When you might consider using it
- When you have a family of classes you know your going to have to add many new actions them all, but for some reason you are not able to alter or recompile the family of classes in the future.
- When you want to add a new action and have that new action entirely defined within one the visitor class rather than spread out across multiple classes.
- When your boss says you must produce a range of classes which must do something right now!... but nobody actually knows exactly what that something is yet.
There are at least three very good reasons for using the Visitor Pattern:
Reduce proliferation of code which is only slightly different when data structures change.
Apply the same computation to several data structures, without changing the code which implements the computation.
Add information to legacy libraries without changing the legacy code.
Please have a look at an article I've written about this.
Everyone here is correct, but I think it fails to address the "when". First, from Design Patterns:
Visitor lets you define a new operation without changing the classes of the elements on which it operates.
Now, let's think of a simple class hierarchy. I have classes 1, 2, 3 and 4 and methods A, B, C and D. Lay them out like in a spreadsheet: the classes are lines and the methods are columns.
Now, Object Oriented design presumes you are more likely to grow new classes than new methods, so adding more lines, so to speak, is easier. You just add a new class, specify what's different in that class, and inherits the rest.
Sometimes, though, the classes are relatively static, but you need to add more methods frequently -- adding columns. The standard way in an OO design would be to add such methods to all classes, which can be costly. The Visitor pattern makes this easy.
By the way, this is the problem that Scala's pattern matches intends to solve.
Based on the excellent answer of @Federico A. Ramponi.
Just imagine you have this hierarchy:
public interface IAnimal
{
void DoSound();
}
public class Dog : IAnimal
{
public void DoSound()
{
Console.WriteLine("Woof");
}
}
public class Cat : IAnimal
{
public void DoSound(IOperation o)
{
Console.WriteLine("Meaw");
}
}
What happen if you need to add a "Walk" method here? That will be painful to the whole design.
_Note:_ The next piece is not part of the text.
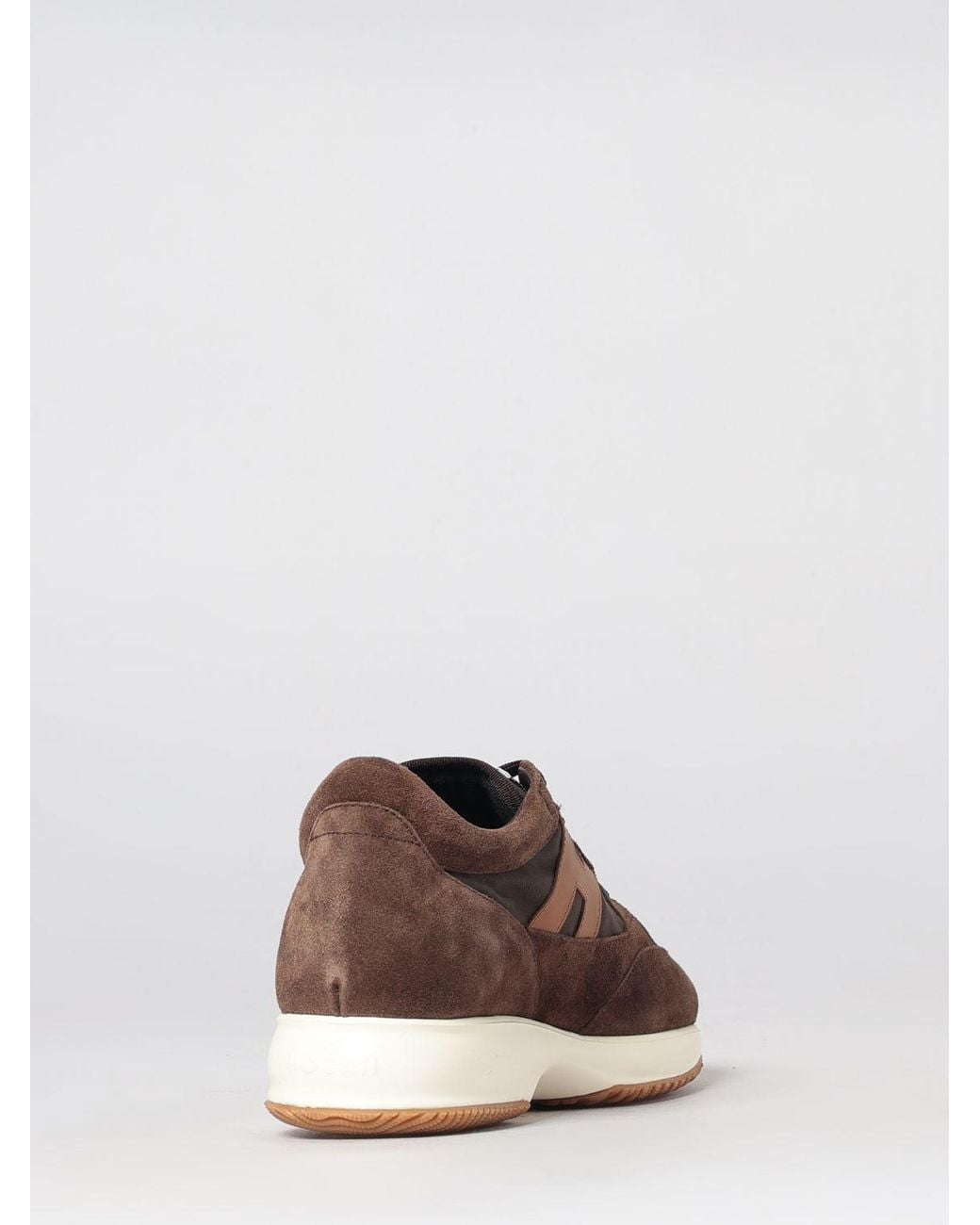 Hogan Brown H580 Suede And Mesh Sneakers With Side H Logo for men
At the same time, adding the "Walk" method generate new questions. What about "Eat" or "Sleep"? Must we really add a new method to the Animal hierarchy for every new action or operation that we want to add? That's ugly and most important, we will never be able to close the Animal interface. So, with the visitor pattern, we can add new method to the hierarchy without modifying the hierarchy!
So, just check and run this C# example:
using System;
using System.Collections.Generic;
namespace VisitorPattern
{
class Program
{
static void Main(string[] args)
{
var animals = new List<IAnimal>
{
new Cat(), new Cat(), new Dog(), new Cat(),
new Dog(), new Dog(), new Cat(), new Dog()
};
foreach (var animal in animals)
{
animal.DoOperation(new Walk());
animal.DoOperation(new Sound());
}
Console.ReadLine();
}
}
public interface IOperation
{
void PerformOperation(Dog dog);
void PerformOperation(Cat cat);
}
public class Walk : IOperation
{
public void PerformOperation(Dog dog)
{
Console.WriteLine("Dog walking");
}
public void PerformOperation(Cat cat)
{
Console.WriteLine("Cat Walking");
}
}
public class Sound : IOperation
{
public void PerformOperation(Dog dog)
{
Console.WriteLine("Woof");
}
public void PerformOperation(Cat cat)
{
Console.WriteLine("Meaw");
}
}
public interface IAnimal
{
void DoOperation(IOperation o);
}
public class Dog : IAnimal
{
public void DoOperation(IOperation o)
{
o.PerformOperation(this);
}
}
public class Cat : IAnimal
{
public void DoOperation(IOperation o)
{
o.PerformOperation(this);
}
}
}
One way to look at it is that the visitor pattern is a way of letting your clients add additional methods to all of your classes in a particular class hierarchy.
It is useful when you have a fairly stable class hierarchy, but you have changing requirements of what needs to be done with that hierarchy.
The classic example is for compilers and the like. An Abstract Syntax Tree (AST) can accurately define the structure of the programming language, but the operations you might want to do on the AST will change as your project advances: code-generators, pretty-printers, debuggers, complexity metrics analysis.
Without the Visitor Pattern, every time a developer wanted to add a new feature, they would need to add that method to every feature in the base class. This is particularly hard when the base classes appear in a separate library, or are produced by a separate team.
(I have heard it argued that the Visitor pattern is in conflict with good OO practices, because it moves the operations of the data away from the data. The Visitor pattern is useful in precisely the situation that the normal OO practices fail.)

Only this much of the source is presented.